Hi there birdie, don’t notice me.
Down like it said. Uh, behind me? Yeah, behind me. Broken column. Now—behind me again? Yes.
I am climbing on someone’s windowsill. Behind me. Jump, jump, jump, jump, jump—see, I know what I’m doing. It’s just broken (PC port wise)—hahaha, it’s breaking on me, great. The vision warned me, so that’s something, but still.
I’m up here. [Farah] Yeah, great, thanks for the— There’s a balcony down below. Come on. [Farah] (Prince says something) Yeah, seriously.
Down. (Prince makes a worried noise) It’s fine.
Ewww. Climbing through cobwebs. (Spiders are fine, but cobwebs never go away.)
Hey, look, sand. Apparently I was supposed to lose sand in that fight and not actually realize it was optional.
How the blank did I get there—oh, apparently I do have to sheath my sword for that. Nice.
Farah, tour guide. Also, how do you know where we are? That’s—I’ll ask the first sand creature I see. “Could you direct me to the baths, please?” “Oh, thank you, don’t mention it, I used to be a bath attendant back when I was alive.” [Prince] (bursts into laughter) “I’ll meet you at the baths.” She orders me around like a servant! [Prince] (keeps laughing) (Prince goes into misogynistic speech, concluding with) From now on, she’ll have to toe the line. …Assuming, that is, that I can find her. [Prince] (snorts) Nah, nah, you both lost your parents, come on.
Umm. Mmmm. You warned me I couldn’t—You know, since it doesn’t actually matter, I know you said we couldn’t make that jump but let’s try anyway. …Huh, we can make that jump. Will you look at that. Prince, you lied to me. Why would you lie to me. Oh. That one you can’t actually make. I thought you could maybe grab something down there, but no. But you can actually go around here, even if you said you couldn’t. Can you—nope.
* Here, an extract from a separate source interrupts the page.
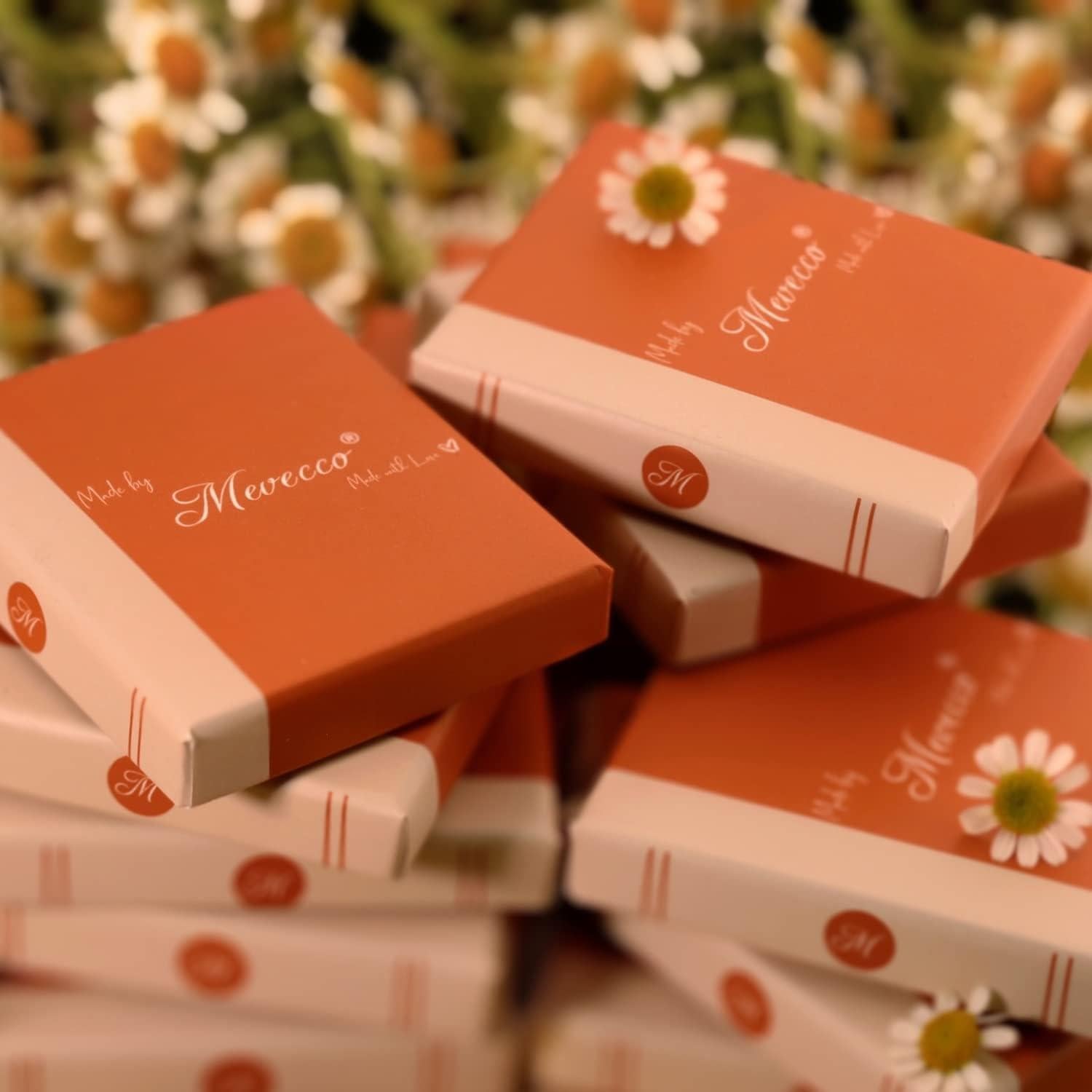 Collar Colgante en Capas MEVECCO Baño de Oro 18k para Mujeres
Oh, that’s something right there. Drop. Wheee.
I don’t have to try to balance, that’s—(Prince makes wobbly noise) Oh, I do.
That looks so cool.
So don’t walk too fast, I think is the problem. Me and my Leon hair.
Oh, hey, water. Note to self. Water.
Hey look. Probably alcohol and food. Ew. And food. Who knows how long that’s been out there. (Well, since…this morning? A few days ago? We didn’t wreck this place, like, years ago.)
Prince, you need to stop breaking every chair you sit in. You’re not Bombur. I have to look it up, is it Bombur? (‘Tis, don’t doubt your Hobbit knowledge.)
Anyway, this seems as good a place as any to leave it off, Prince. So we’ll see you next time, when we’ll know what we’re doing, which is cool. I love this game so much. Like, I didn’t think I’d like it as much as I do, but the gameplay is incredible. (Even when it’s a janky port.)
We’ll listen to some music, and I’ll look up Bombur just to make sure I’m not messing up my—okay, yeah, it is Bombur. (Told you, trust the wallrun and your Hobbit knowledge. Messing up my Tolkien lore, that’s unforgiveable. So, see y’all next time.
Why does my QuickMemos keep opening up? That’s what I have to ask. Anyway, byeeeee!